Pokémon pourrait adopter une méthode similaire. Plutôt que de reposer uniquement sur Game Freak — qui assume déjà un calendrier très exigeant — il serait judicieux de répartir la charge de travail. Des studios comme ILCA (responsable des remakes Diamant Étincelant & Perle Scintillante) ou Bandai Namco pourraient être intégrés à cette rotation régulière.
Une telle organisation permettrait à chaque jeu de bénéficier de plus de temps de développement, à l’ensemble de la série de se renouveler plus facilement et à d’autres idées de voir le jour. Cela ouvrirait la voie à une pluralité créative dont la franchise a bien besoin.

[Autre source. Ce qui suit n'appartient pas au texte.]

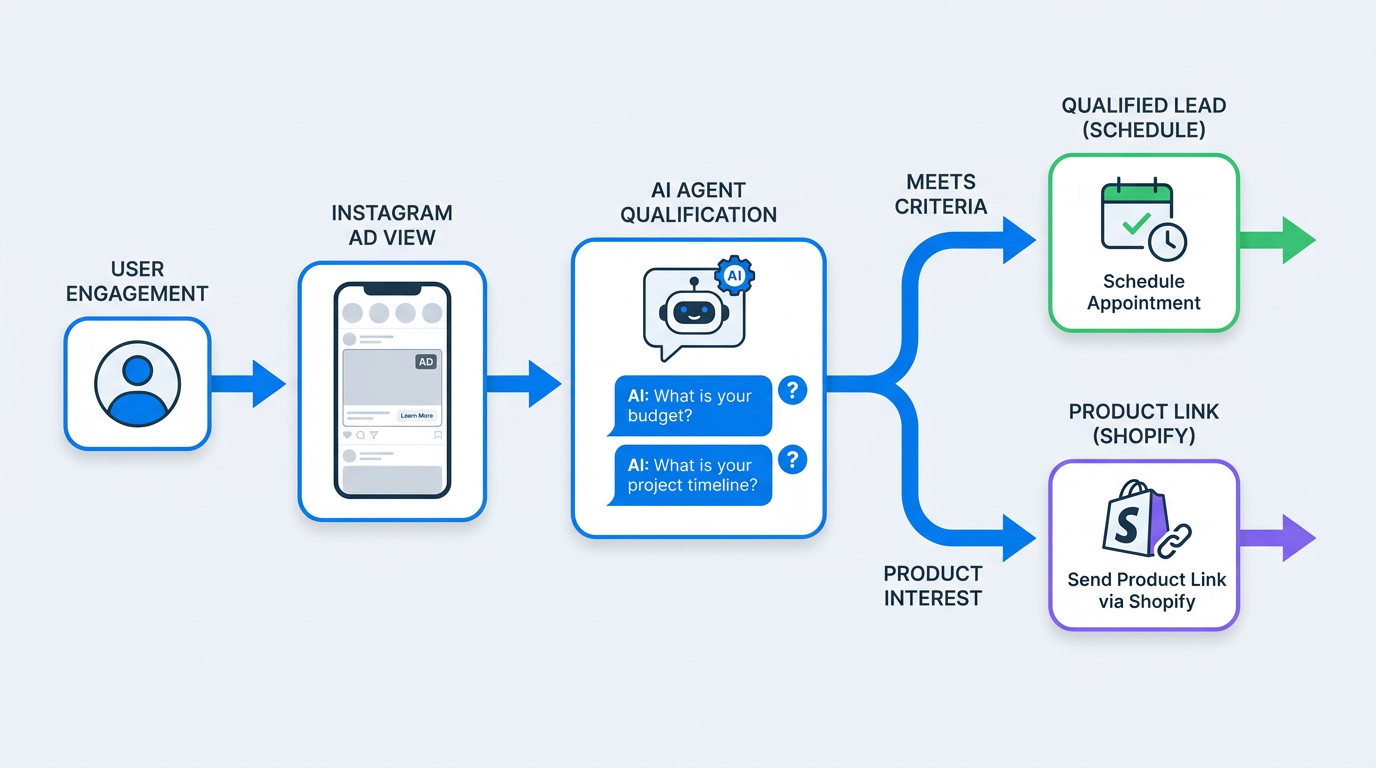 Meta Business Agent flowchart from Instagram ad to appointment or Shopify product link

Changement de perception indispensable
Ce n’est pas tant une révolution de structure qui manque à Pokémon, mais un changement de regard. Tant que les jeux qui osent s’éloigner du RPG classique sont considérés comme des à-côtés, ils n’auront jamais le même poids créatif et narratif. Il ne suffit pas de confier des projets à des studios tiers, encore faut-il leur accorder une place au centre de la stratégie.
En revalorisant ces productions innovantes, Nintendo pourrait faire entrer la série dans une nouvelle ère. Il ne s’agirait plus simplement de diversifier l’offre, mais bien de repousser les limites de la formule Pokémon. Une façon efficace d’éviter la lassitude d’un public de plus en plus exigeant.
Ce processus passerait aussi par l’acceptation que le RPG au tour par tour dans des routes linéaires ne doit plus être l’unique visage de la licence. L’innovation devrait devenir la norme, pas l’exception.
La Génération 10 comme point de bascule
Avec les attentes placées dans la future Génération 10, c’est tout l’avenir de la série qui est en jeu. L’adopter comme une simple suite du passé, c’est risquer de prolonger une stagnation étouffante. À l’inverse, en s’inspirant du modèle Call of Duty et en répartissant mieux les responsabilités créatives, la série a toutes les cartes en main pour retrouver son statut de référence.
Donner plus de temps de développement, impliquer plusieurs équipes, encourager les visions différentes : autant d’étapes qui permettraient à Pokémon de sortir de son cycle répétitif.
Il ne tient qu’à Nintendo de voir dans ces signaux les signes d’un monde qui change, et d’oser enfin confier son joyau à des mains différentes. Parce que Pokémon peut mieux faire. Parce qu’il l’a déjà prouvé.